Ascendant
Page 19
“I’ve just heard the news!” A young man, around eighteen years old, burst into the room.
“My brother, Alain,” Siena said, and patted the chair next to her. “His name is Codrin, but he is not the one we know from Grandfather’s stories. Don’t speak, yet,” she whispered to Alain when he was seated.
“But it’s like in Grandfather dream,” Alain whispered back.
“We have a map of Arenia. It’s a place far from here,” the old man said. “In what city did you stay?”
“Alba.”
“Like in my dream.”
“May I speak alone with you and Siena?”
“You are the Seigneur,” Bernart smiled.
“It may take a while to get accustomed to being a Seigneur again,” Codrin smiled back. “Now,” Codrin said, mainly to calm his mind, when only the three of them remained in Bernart’s office. “Are you a kind of ... Wanderer?”
“Men are not Wanderers.” Amelie showed herself from behind the corner where she had been hiding; the room was L-shaped.
“Let Bernart answer that,” Codrin said, thinking that it was now too late to send her away.
“I sometimes have premonitions,” Bernart shrugged. “That doesn’t make me a Wanderer.”
Siena and Amelie are Helpers for the Wanderers, a thought came to him. Dochia and Sybille come here from time to time; the thought followed its course. I no longer trust the Wanderers, but I still trust Dochia. “I know a Wanderer named Dochia,” he stared at Siena,” but we will talk about this later. We need to lodge my men, and to feed them. We have provisions for ten days, and some more will come with the carts that are following us, but more people will come too. Amalie told me that food is scarce in the area.
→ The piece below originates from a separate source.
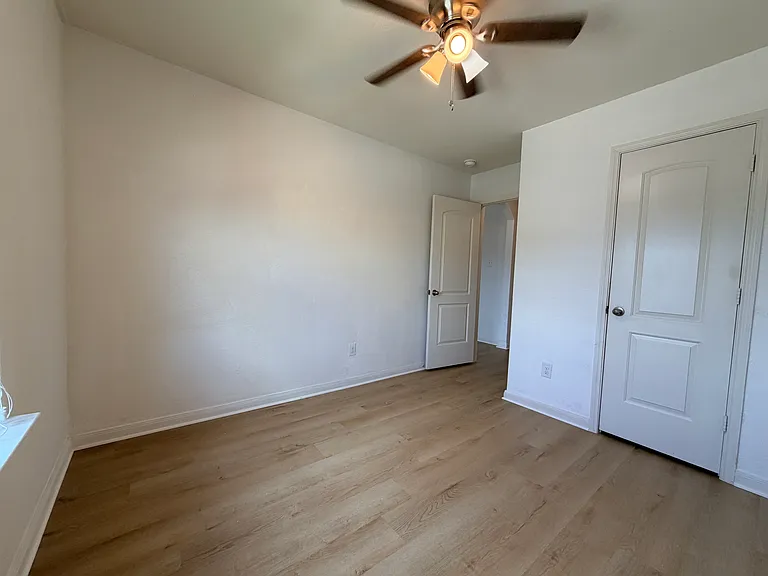 140 Collin St — Photo 12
How do you survive here?”
“We produce some food on the inner terraces,” Bernart said. “The inner part is three thousand feet long and seven hundred feet wide. And we try to collect the taxes people owe to Poenari. It’s becoming more and more difficult.”
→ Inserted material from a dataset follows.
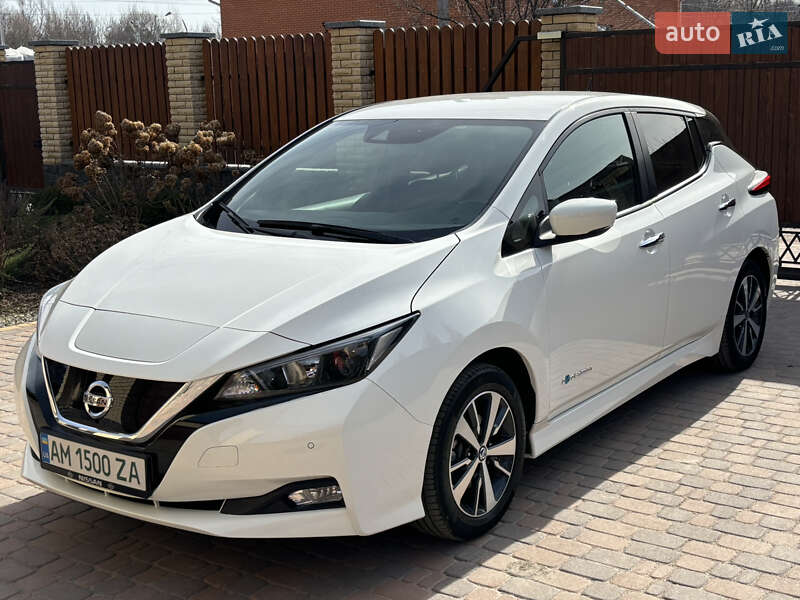 Хетчбек Nissan Leaf 2018 в Житомирі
“Seen from the valley, the city doesn’t seem that large,” Codrin said.
Bernart nodded at Siena, who went to a small library shelf containing long thin tubes made of paper, and took out one of them, followed by Codrin’s questioning eyes. She opened the tube by pulling off a lid that was cylindrical too. From the tube, she extracted a roll of paper.
“Help me.” Siena glanced at Amelie and unrolled the paper with great care; it looked old and frail. The paper was quite large and looked like a sort of map, very different from the ones Codrin was accustomed with. The girls used four small objects to pin the corners of the map to the desk. “No one outside my family knows about this,” she said.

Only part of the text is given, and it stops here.